Performance regression for select queries that return large number of rows after upgrading from 10.3 to 10.5

    XMLWordPrintable

Details

    • Bug
    • Status: Open (View Workflow)
    • Major
    • Resolution: Unresolved
    • 10.5.10, 10.5.11
    • None
    • None
    • None
    • CentOS 7

    Description

      After recently upgrading MariaDB we started seeing some of our queries' performance significantly decreased.

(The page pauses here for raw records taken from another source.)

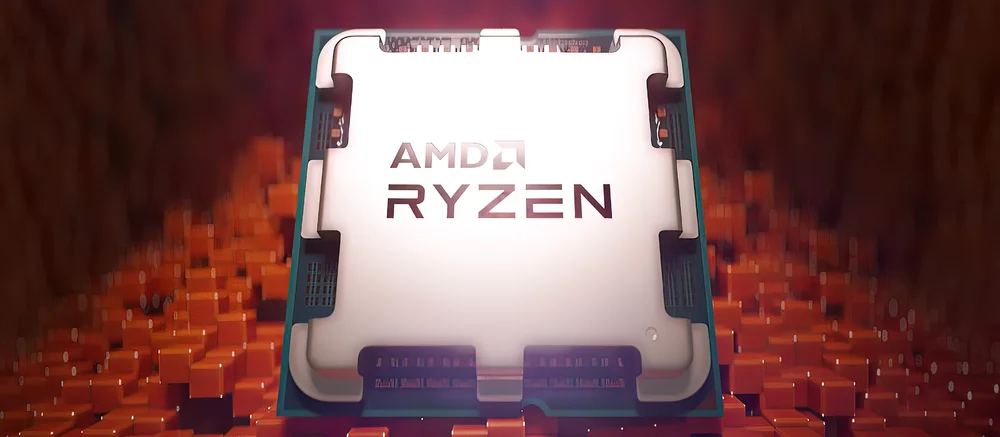 AMD выпустила новые процессоры Ryzen 5 для сокета AM4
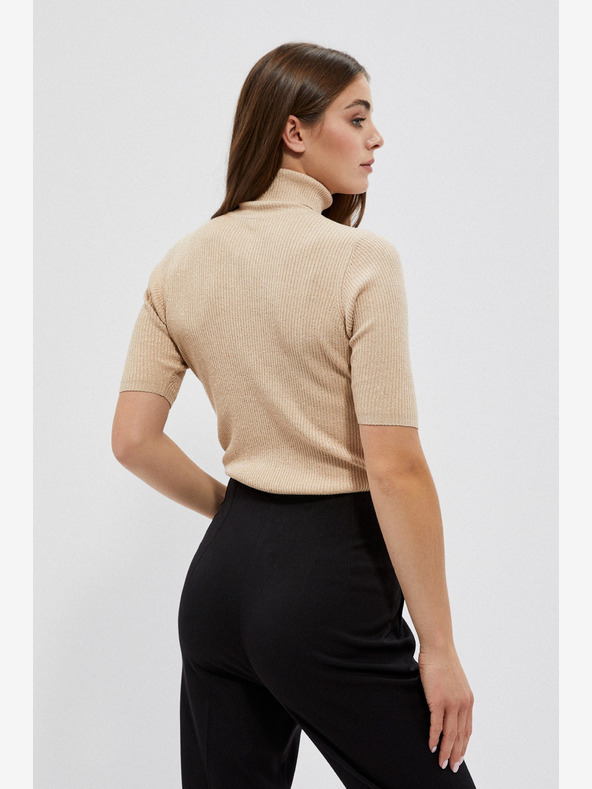 Moodo Női garbó Moodo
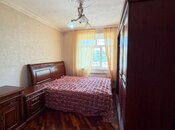 Satılır 3 otaqlı köhnə tikili 80 m², Həzi Aslanov m., photo 4 from 8
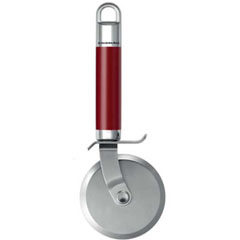 KitchenAid Euro-Line Pizza Bıçağı - KGEM3106ER - Kitchenaid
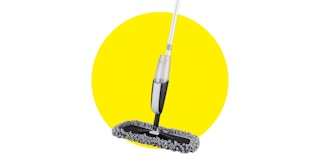 walmart suptree spray mop 2023 01 1675023402 1675023402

      Given these two tables

      MariaDB [(none)]> show create table `region`.`hr_blocked_by_users` \G
      *************************** 1. row ***************************
             Table: hr_blocked_by_users
      Create Table: CREATE TABLE `hr_blocked_by_users` (
        `user_id` int(11) unsigned NOT NULL,
        `hr_id` int(11) unsigned NOT NULL,
        `date` int(10) unsigned NOT NULL DEFAULT 0,
        PRIMARY KEY (`user_id`,`hr_id`),
        KEY `user_id__date` (`user_id`,`date`),
        KEY `hr_id` (`hr_id`)
      ) ENGINE=InnoDB DEFAULT CHARSET=utf8 ROW_FORMAT=DYNAMIC
      1 row in set (0.01 sec)
       
      MariaDB [(none)]> show create table `users_ru`.`reg_users_resumes` \G
      *************************** 1. row ***************************
             Table: reg_users_resumes
      Create Table: CREATE TABLE `reg_users_resumes` (
        `id_user` int(10) unsigned NOT NULL DEFAULT 0,
        `id_resume` int(10) unsigned NOT NULL DEFAULT 0,
        PRIMARY KEY (`id_resume`),
        KEY `id_user` (`id_user`)
      ) ENGINE=InnoDB DEFAULT CHARSET=utf8 ROW_FORMAT=DYNAMIC
      1 row in set (0.00 sec)
      

      and a query

      SELECT
        `rur`.`id_resume`
      FROM
        `region`.`hr_blocked_by_users` `blocked`
        JOIN `users_ru`.`reg_users_resumes` `rur` ON blocked.user_id = rur.id_user
      WHERE
        blocked.hr_id = '3675742'
      

      we've seen 30-80% slowdown after upgrading from 10.3.22 to 10.5.10.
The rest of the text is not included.